[Records from a dataset]
------

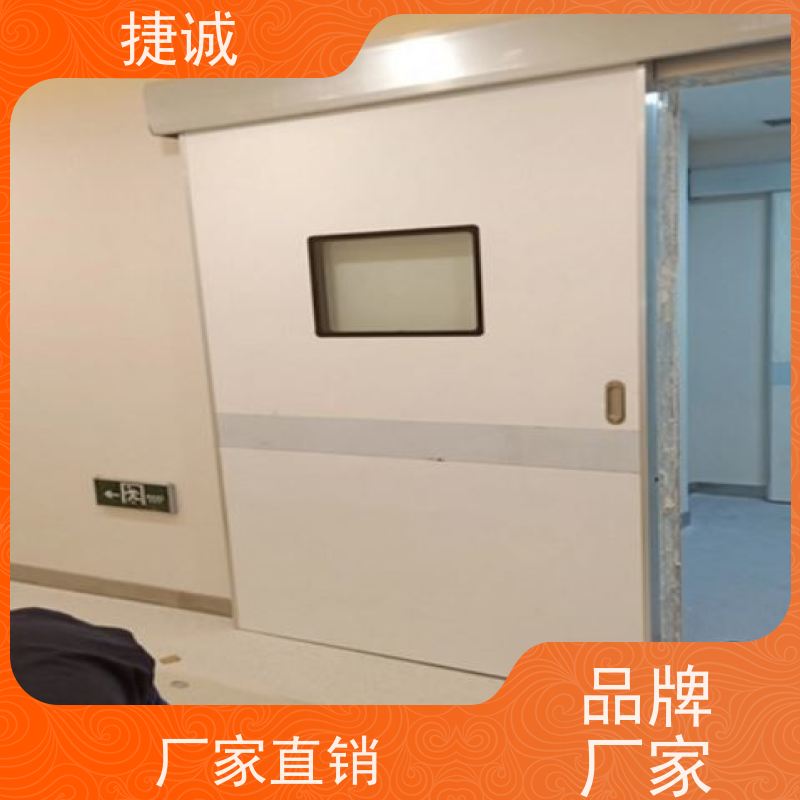 捷诚 病房门开向走道是啥意思 医院电动门 安全医用门安装厂家排名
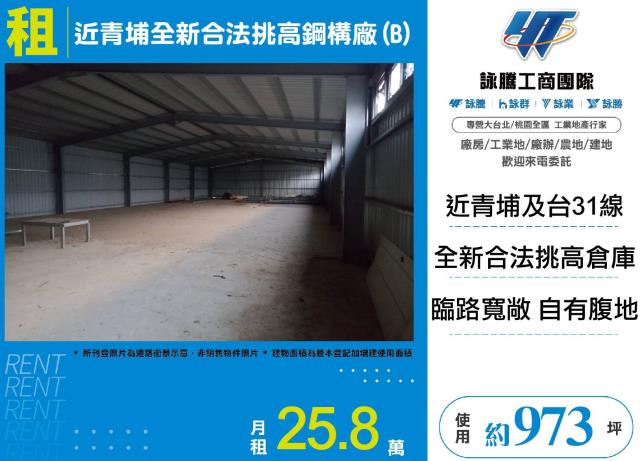 桃園觀音廠房-0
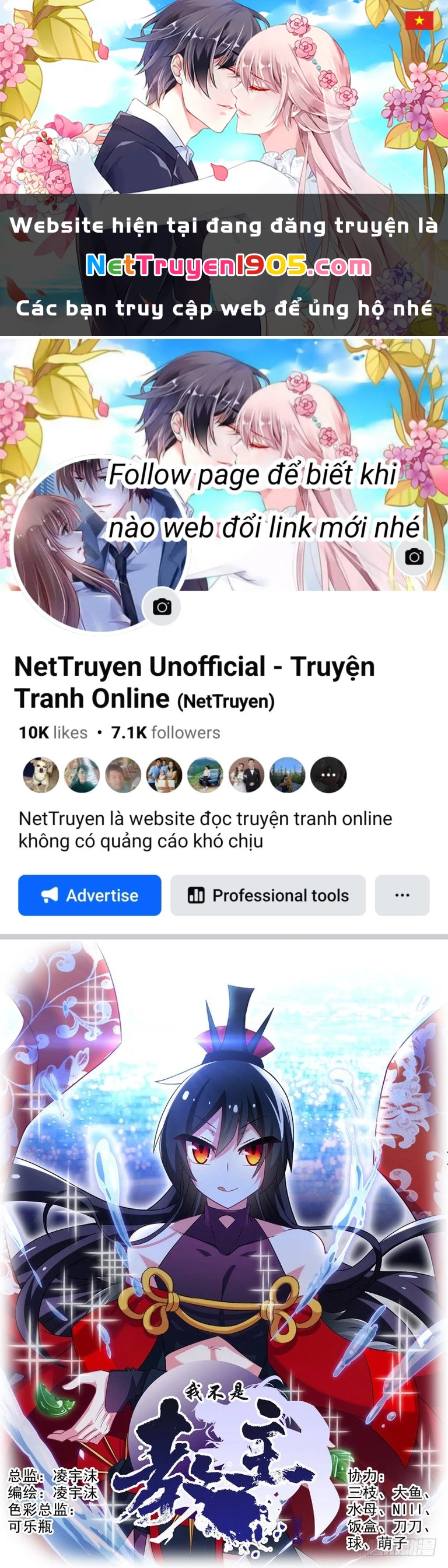 Ta Không Phải Là Giáo Chủ Chapter 7 - 1
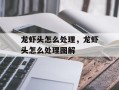龙虾头怎么处理，龙虾头怎么处理图解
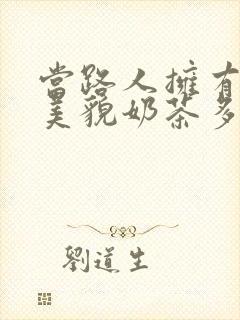 当路人拥有绝世美貌奶茶多糖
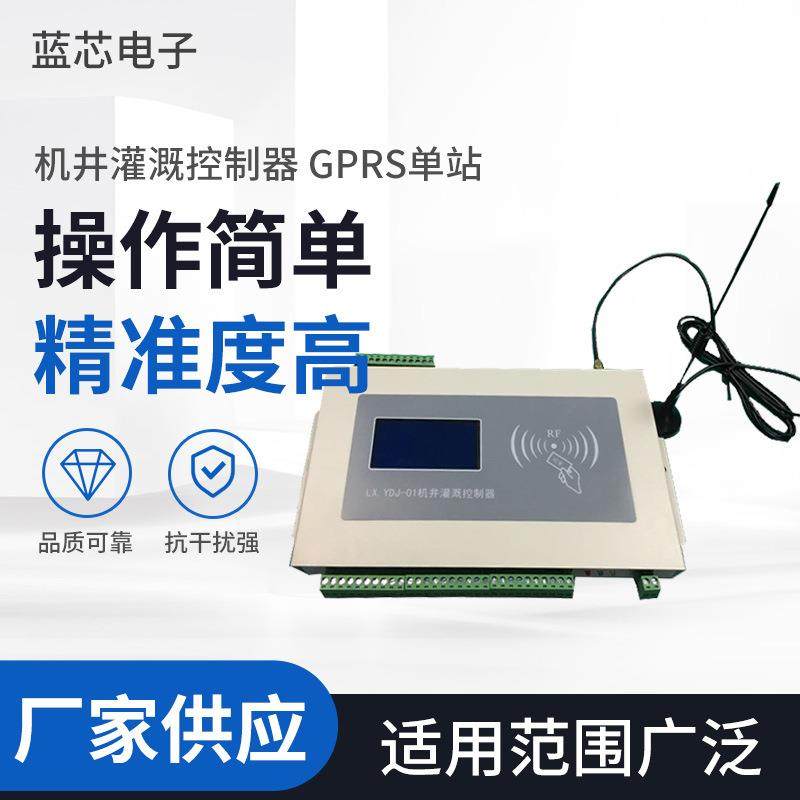 井电双控机井控制器水电双计量控制器4G全网通灌溉控制器,工业油品/胶粘/化学/实验室用品,其他实验室设备,淘宝优惠券,粉丝福利购,淘宝优惠卷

------

TASK ITEM
Omit every picture while printing the data word for word.

SOLUTION FOR THIS EXERCISE
 捷诚 病房门开向走道是啥意思 医院电动门 安全医用门安装厂家排名
 桃園觀音廠房-0
 Ta Không Phải Là Giáo Chủ Chapter 7 - 1
龙虾头怎么处理，龙虾头怎么处理图解
 当路人拥有绝世美貌奶茶多糖
 井电双控机井控制器水电双计量控制器4G全网通灌溉控制器,工业油品/胶粘/化学/实验室用品,其他实验室设备,淘宝优惠券,粉丝福利购,淘宝优惠卷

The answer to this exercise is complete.